[Guest9812398]

Agreed. For a service that is about security, it honestly leaves me feeling very vulnerable, and I wouldn't consider it for that reason. I'm concerned about my emails being delivered, increased spam, a thief (or government employee) walking out of my home with my email server, my modem needing a reboot while I'm on vacation and not being able to send or receive emails, and my neighbor accidentally burning down my apartment, taking my email with it.

I'm a Fastmail user and pretty happy with the service. But, what's the real world benefits of Helm over an encrypted email service, like ProtonMail?

[gsreenivas]

Using a hardware root of trust, secure boot and a Secure Enclave for managing keys used for full disk encryption, it will be very difficult to extract decrypted data from a Helm server. The keys never leave the Secure Enclave, they aren't available to the application processor or memory.

Most cloud-based email services hold email in the clear - we believe this means you don't really own your data. Encrypted email services have challenges around search, access via proprietary protocols and the risks of running highly sensitive operations in client-side javascript.

[lvh]

Hang on: are you suggesting cloud e-mail services don't use FDE?

[lolc]

They may but they also hold the keys.

[lvh]

I mean, sure? You can use encryption to get security and privacy features but "FDE" isn't it. FDE is more important for Helm but that's a problem of their own design: suddenly the e-mail is in a box in my kitchen and it's a lot easier to walk out with a box in my kitchen than it is to walk out with a drive from us-east-2a :-) For anything in the cloud it's a belt-and-suspenders/compliance thing.

[lolc]

How many people have access to drives in us-east-2a? Do you know? Can you verify?

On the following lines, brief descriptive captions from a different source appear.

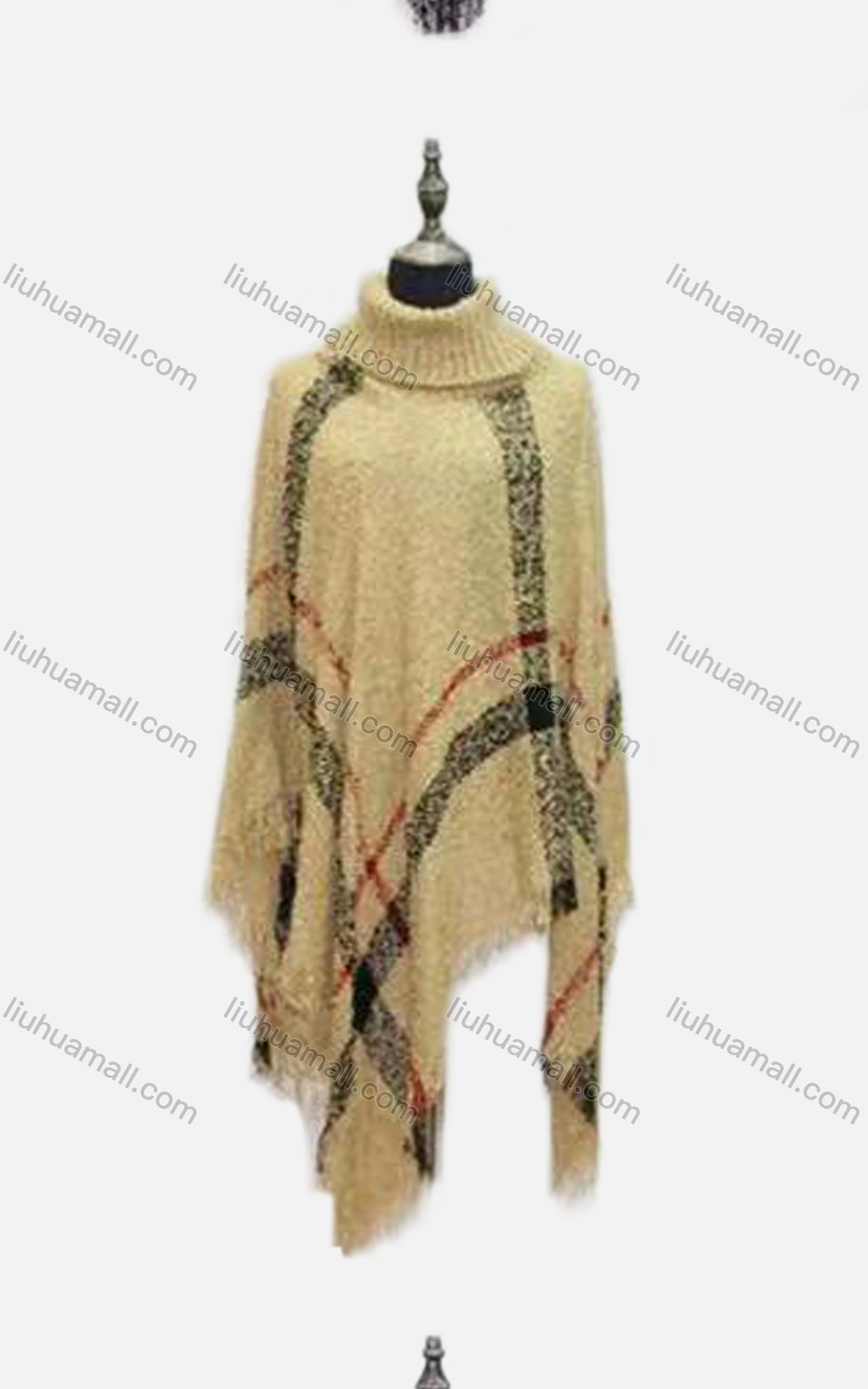 Wholesale Women's Casual High Collar Plaid Print Frayed Raw Hem Cape - Liuhuamall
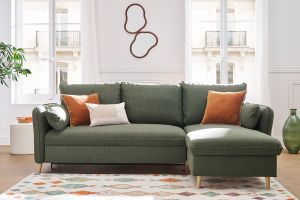 Canapé d'angle convertible réversible avec coffre 3-4 places en tissu vert kaki et bois clair DRISS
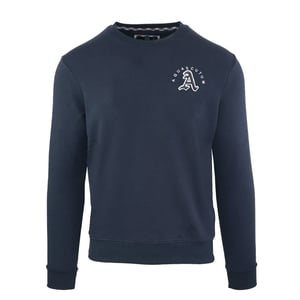 Men's Aquascutum Embroidered Crew Neck Long Sleeve Sweatshirt in  Navy
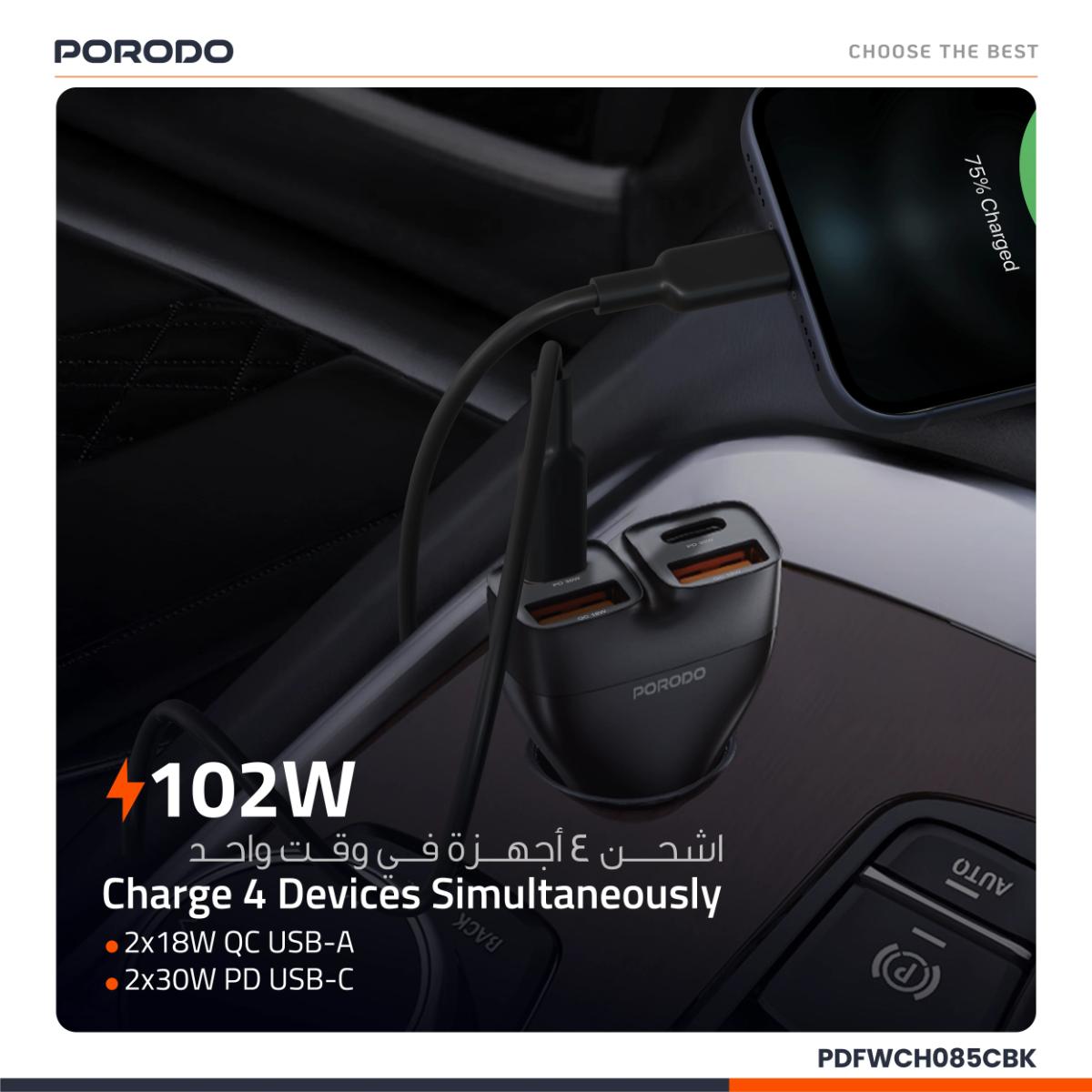 Porodo Car Charger USB-C To USB-C Cable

Assuming the software works flawlessly (if it doesn't, it doesn't matter where it runs) you'll need RAM and storage access to recover the keys and the data. If you're in the cloud, you won't notice when insiders or state agencies take a peek. If the device is in your home, you can set it up so you notice.

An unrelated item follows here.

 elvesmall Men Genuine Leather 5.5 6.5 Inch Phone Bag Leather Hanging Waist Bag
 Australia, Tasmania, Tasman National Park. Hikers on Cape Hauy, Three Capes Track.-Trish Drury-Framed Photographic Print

It all depends on the threat model.

[lvh]

> How many people have access to drives in us-east-2a? Do you know? Can you verify?

AWS, like every non-clownshoes provider, is transparent about the security controls on its datacenters. It has those verified by independent third parties and auditors (for relevant compliance standards). They have published whitepapers and compliance/audit reports, and continue to.

The odds that someone compromises a Helm update and the odds that someone walks out of us-east2a with a drive are not in the same ballpark.

To reiterate, because somehow I'm in the "FDE is an important threat model!" corner: it is not. Walking away with a Helm is not the easiest way to read e-mail on that thing, especially not for an organization capable of dragnet surveillance in general.